A few summary comments from CS commodity day presentations:
The entire metals complex is moving lower (in price) and very little of it has to do with weak demand in China, if anything, physical demand looks decent there, particularly in precious, but even copper and ore. It’s almost all on supply gains for these metals in 2013 and again unfortunately in 2014. There is simply too much supply coming in.
Further, the production that is coming on-line is all at lower and lower costs, meaning we will have stranded assets in the market, and that usually creates a negative price cycle to rationalize. Again, this is not going to be GDP dependent/linked, and that is throwing off armchair generalists.
Steel production is bullish, thus prices are bearish. Too much global capacity and margins are too low to sustain. This is a part of the bear call on Iron ore as well, but really Glencore trader cited dynamics that BHP and Vale in particular want to beat the hell out of the smaller producers and get tons out of the market for 2014, they are playing a longer cycle. Expect iron ore prices to fall 20%+ this year, in back half.
Mixed bag.

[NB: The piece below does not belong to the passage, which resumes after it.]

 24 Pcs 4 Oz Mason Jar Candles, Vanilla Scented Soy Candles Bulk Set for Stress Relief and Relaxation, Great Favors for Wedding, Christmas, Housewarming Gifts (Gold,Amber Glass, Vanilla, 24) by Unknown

Short cycles dominate the picture, demand is structurally firm and consistent (growing 2%/yr). Corn plantings in the US and indeed globally are epic. If we don’t get disruption this year, corn will fall materially from current levels, but there remains great uncertainties as the year progresses. China wheat (they are number one globally) looks robust, as does corn, don’t expect problems from China this year, unless we get big drought. Picture much more balanced that last year.

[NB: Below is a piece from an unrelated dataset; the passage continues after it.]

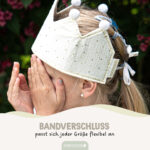 Musselinkrone mit goldenen Akzenten- Beige – Bild 4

Some concerns on Egypt, which is the world’s largest wheat importer….fell from 11m to 8m, wondering if people are starving. Subsidies will come off soon there and expecting chaos to emerge. Trader chat is that the government falls within 1-2 quarters. Has implications for oil…
Oil was the stand-out bullish bet by the audience in a survey, most expected firmness and/or prices to lift a little. Only 5% of the audience expecting oil to see a price move down next 12 months (you make of that what you want). As usual, 99% of the discussion is counting barrels in odd places around the world, and little discussion of demand, other than ‘its growing 1-1.2 m bbl/year), with zero colour as to how/why. Supply, people are very freaked out at the global picture, but also note findings keep surprising to the upside, and technology is helping…US shale, everyone knows the score, massive US growth…

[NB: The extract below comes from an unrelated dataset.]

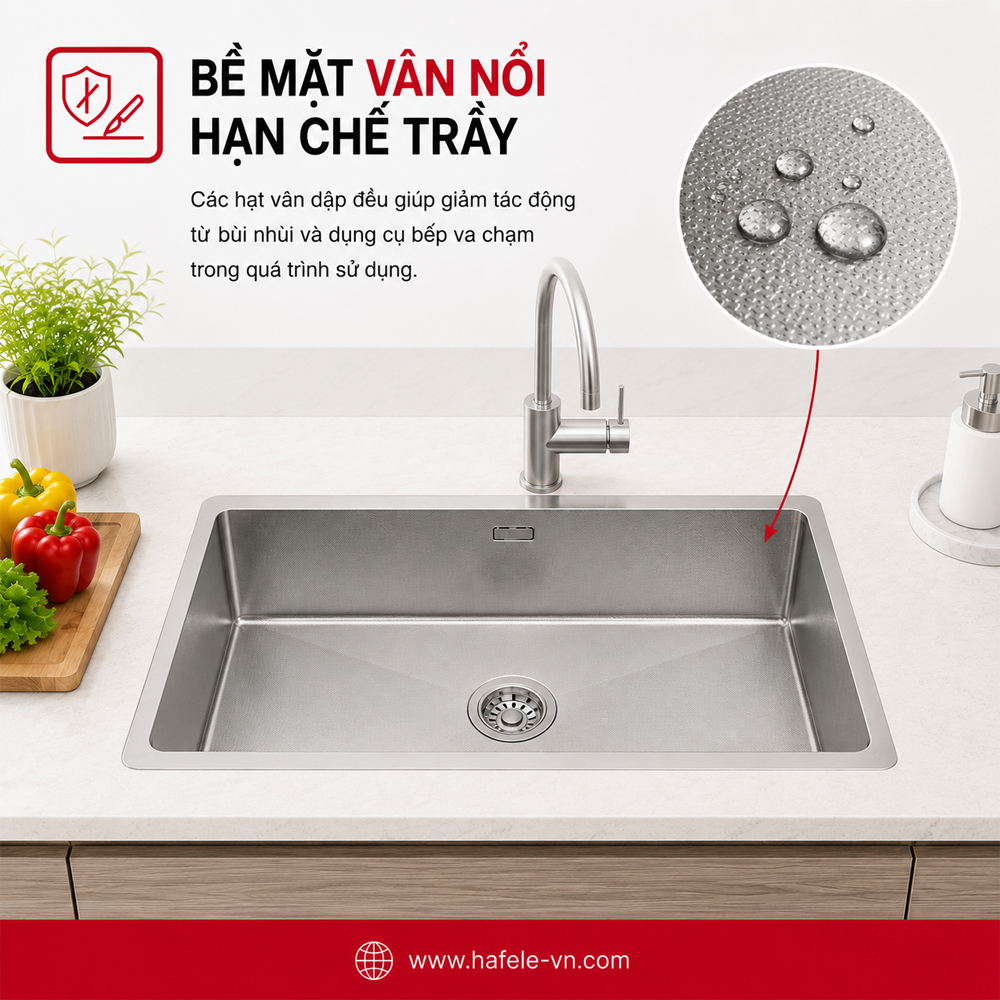 Bề mặt vân nổi chống trầy của chậu inox Häfele 567.24.477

Unquestionably the huge consensus position: gold/silver have meaningful downside. Drivers are 1) over-crowding by financial investors in a negative rates cycle that is ending, 2) structural strength in US $ that is trade and perhaps budget balance related (both improving) (not a GDP issue), 3) technicals are awful.
A contrarian point made that retail demand exploded on lower prices recently, but everyone blowing it off. I would throw in, its one of the few commodities where the cost curve is actually meaningfully moving higher…usually that means supply corrects more quickly. We’ll see…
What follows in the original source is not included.